:: PROBLEM TO WORK ON ::
Work out how many lines below contain "Chevrolet". Provide only the figure.

:: INPUT DATA ::

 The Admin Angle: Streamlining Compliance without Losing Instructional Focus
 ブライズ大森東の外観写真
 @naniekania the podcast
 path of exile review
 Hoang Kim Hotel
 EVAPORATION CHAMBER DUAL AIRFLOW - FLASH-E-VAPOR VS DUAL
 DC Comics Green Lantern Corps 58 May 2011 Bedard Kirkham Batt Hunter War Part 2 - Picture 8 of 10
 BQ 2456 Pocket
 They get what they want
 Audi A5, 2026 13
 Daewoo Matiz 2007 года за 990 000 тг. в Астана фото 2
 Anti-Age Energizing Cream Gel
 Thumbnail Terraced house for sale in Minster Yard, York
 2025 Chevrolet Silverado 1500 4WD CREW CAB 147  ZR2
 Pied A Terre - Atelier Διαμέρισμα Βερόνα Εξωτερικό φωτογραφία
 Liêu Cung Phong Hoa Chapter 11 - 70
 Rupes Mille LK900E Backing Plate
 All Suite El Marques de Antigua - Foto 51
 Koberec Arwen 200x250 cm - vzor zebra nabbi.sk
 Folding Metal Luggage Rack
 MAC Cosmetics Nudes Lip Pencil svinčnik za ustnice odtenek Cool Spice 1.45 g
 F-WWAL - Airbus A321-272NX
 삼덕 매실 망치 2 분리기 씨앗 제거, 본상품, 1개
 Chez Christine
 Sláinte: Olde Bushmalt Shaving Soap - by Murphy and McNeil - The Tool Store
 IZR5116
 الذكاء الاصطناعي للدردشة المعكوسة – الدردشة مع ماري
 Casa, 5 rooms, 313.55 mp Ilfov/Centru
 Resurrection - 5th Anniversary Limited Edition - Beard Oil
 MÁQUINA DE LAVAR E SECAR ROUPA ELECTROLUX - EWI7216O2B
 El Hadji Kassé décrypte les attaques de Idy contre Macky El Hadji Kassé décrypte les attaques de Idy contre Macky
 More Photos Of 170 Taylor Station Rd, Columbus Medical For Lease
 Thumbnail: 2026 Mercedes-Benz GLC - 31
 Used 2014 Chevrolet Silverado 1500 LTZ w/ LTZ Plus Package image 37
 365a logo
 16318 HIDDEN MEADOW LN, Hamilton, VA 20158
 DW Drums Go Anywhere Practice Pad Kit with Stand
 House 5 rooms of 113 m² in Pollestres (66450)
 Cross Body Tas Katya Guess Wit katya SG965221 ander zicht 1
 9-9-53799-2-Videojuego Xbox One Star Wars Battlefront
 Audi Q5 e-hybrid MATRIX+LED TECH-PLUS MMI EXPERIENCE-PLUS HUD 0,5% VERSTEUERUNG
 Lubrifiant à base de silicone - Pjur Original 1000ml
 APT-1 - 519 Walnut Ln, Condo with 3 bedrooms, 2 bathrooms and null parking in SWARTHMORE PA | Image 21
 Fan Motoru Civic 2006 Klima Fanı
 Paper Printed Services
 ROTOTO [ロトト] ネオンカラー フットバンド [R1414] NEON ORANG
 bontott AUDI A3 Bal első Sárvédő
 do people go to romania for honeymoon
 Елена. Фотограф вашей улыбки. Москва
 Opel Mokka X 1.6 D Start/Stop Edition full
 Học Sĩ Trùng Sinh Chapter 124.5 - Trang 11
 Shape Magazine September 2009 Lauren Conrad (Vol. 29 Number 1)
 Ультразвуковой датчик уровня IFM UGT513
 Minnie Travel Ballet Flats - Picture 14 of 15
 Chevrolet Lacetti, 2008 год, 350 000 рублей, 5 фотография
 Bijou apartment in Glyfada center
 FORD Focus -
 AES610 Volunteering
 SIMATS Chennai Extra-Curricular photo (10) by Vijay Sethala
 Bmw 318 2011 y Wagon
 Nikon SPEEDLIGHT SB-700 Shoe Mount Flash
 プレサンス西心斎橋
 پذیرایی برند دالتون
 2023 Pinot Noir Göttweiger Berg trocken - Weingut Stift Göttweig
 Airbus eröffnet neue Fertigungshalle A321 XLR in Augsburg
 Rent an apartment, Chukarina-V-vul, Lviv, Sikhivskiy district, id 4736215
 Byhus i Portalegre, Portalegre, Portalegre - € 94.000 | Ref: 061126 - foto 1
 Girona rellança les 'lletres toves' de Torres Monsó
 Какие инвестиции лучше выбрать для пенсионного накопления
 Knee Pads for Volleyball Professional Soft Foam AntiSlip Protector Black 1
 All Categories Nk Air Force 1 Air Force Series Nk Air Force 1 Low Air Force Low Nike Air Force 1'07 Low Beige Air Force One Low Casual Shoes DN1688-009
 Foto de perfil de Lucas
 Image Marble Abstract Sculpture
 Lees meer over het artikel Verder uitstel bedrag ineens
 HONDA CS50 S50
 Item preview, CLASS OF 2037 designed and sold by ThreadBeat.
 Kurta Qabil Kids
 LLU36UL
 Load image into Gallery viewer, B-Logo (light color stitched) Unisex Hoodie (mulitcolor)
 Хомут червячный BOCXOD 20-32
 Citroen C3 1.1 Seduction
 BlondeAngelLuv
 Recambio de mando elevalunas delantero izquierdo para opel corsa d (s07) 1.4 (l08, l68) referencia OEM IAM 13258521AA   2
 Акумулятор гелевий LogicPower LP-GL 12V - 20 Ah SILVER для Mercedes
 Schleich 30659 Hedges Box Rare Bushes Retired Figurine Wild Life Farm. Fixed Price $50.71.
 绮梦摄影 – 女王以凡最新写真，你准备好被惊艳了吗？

:: SOLUTION ::
3